I wrote a small Spark application which should measure the time that Spark needs to run an action on a partitioned RDD (combineByKey function to sum a value).
My problem is, that the first iteration seems to work correctly (calculated duration ~25 ms), but the next ones take much less time (~5 ms). It seems to me, that Spark persists the data without any request to do so!? Can I avoid that programmatically?

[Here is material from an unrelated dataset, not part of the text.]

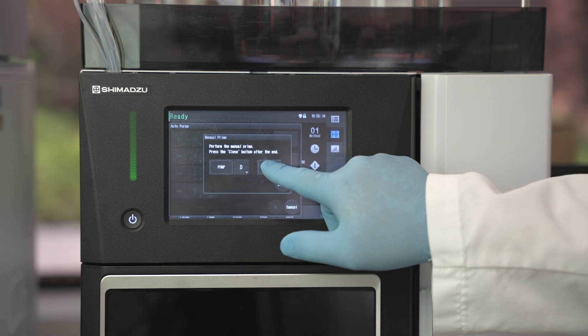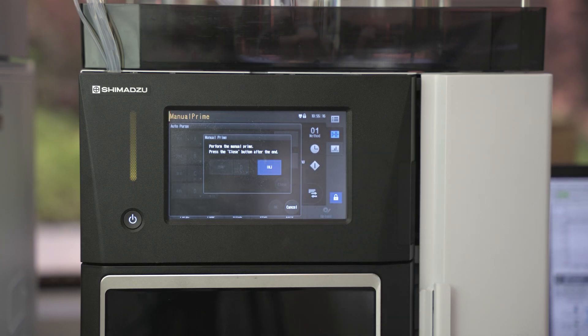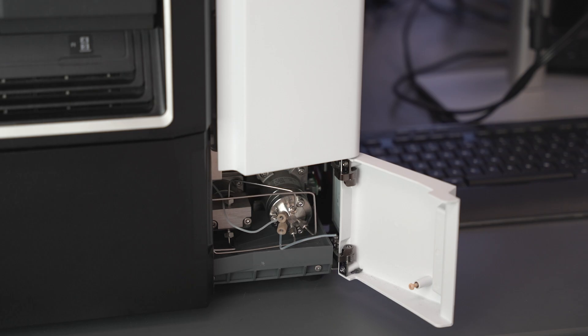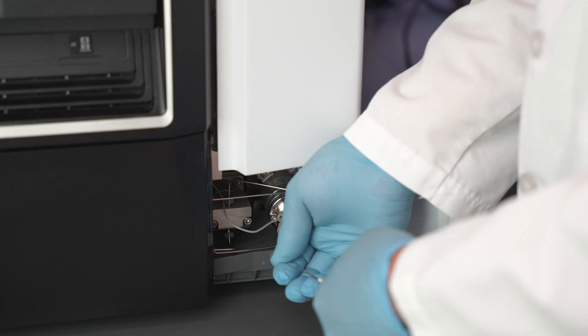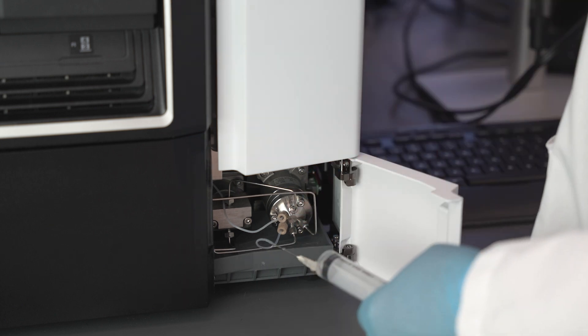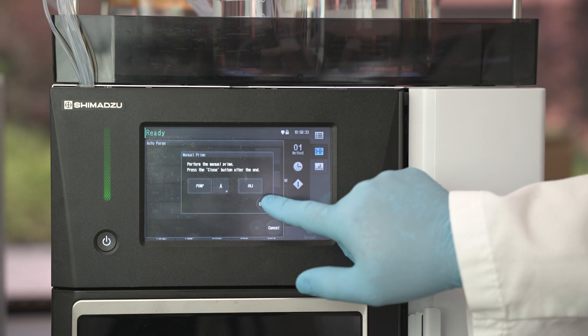After the pump prime, press the injection button on the same page. Pull vacuum on the syringe and collect 10 to 15 milliliters of mobile phase. Close the manual prime page.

I have to know the duration that Spark needs to calculate a new RDD (without any caching / persisting of earlier iterations) --> I think the duration should always be about 20-25 ms!
To ensure the recalculation I moved the SparkContext generation into the for-loops, but this didn't bring any changes...
Thanks for your advices!
Here my code which seems to persist any data:
public static void main(String[] args) {
switchOffLogging();
// jetzt
try {
// Setup: Read out parameters & initialize SparkContext
String path = args[0];
SparkConf conf = new SparkConf(true);
JavaSparkContext sc;
// Create output file & writer
System.out.println("\npar.\tCount\tinput.p\tcons.p\tTime");
// The RDDs used for the benchmark
JavaRDD<String> input = null;
JavaPairRDD<Integer, String> pairRDD = null;
JavaPairRDD<Integer, String> partitionedRDD = null;
JavaPairRDD<Integer, Float> consumptionRDD = null;
// Do the tasks iterative (10 times the same benchmark for testing)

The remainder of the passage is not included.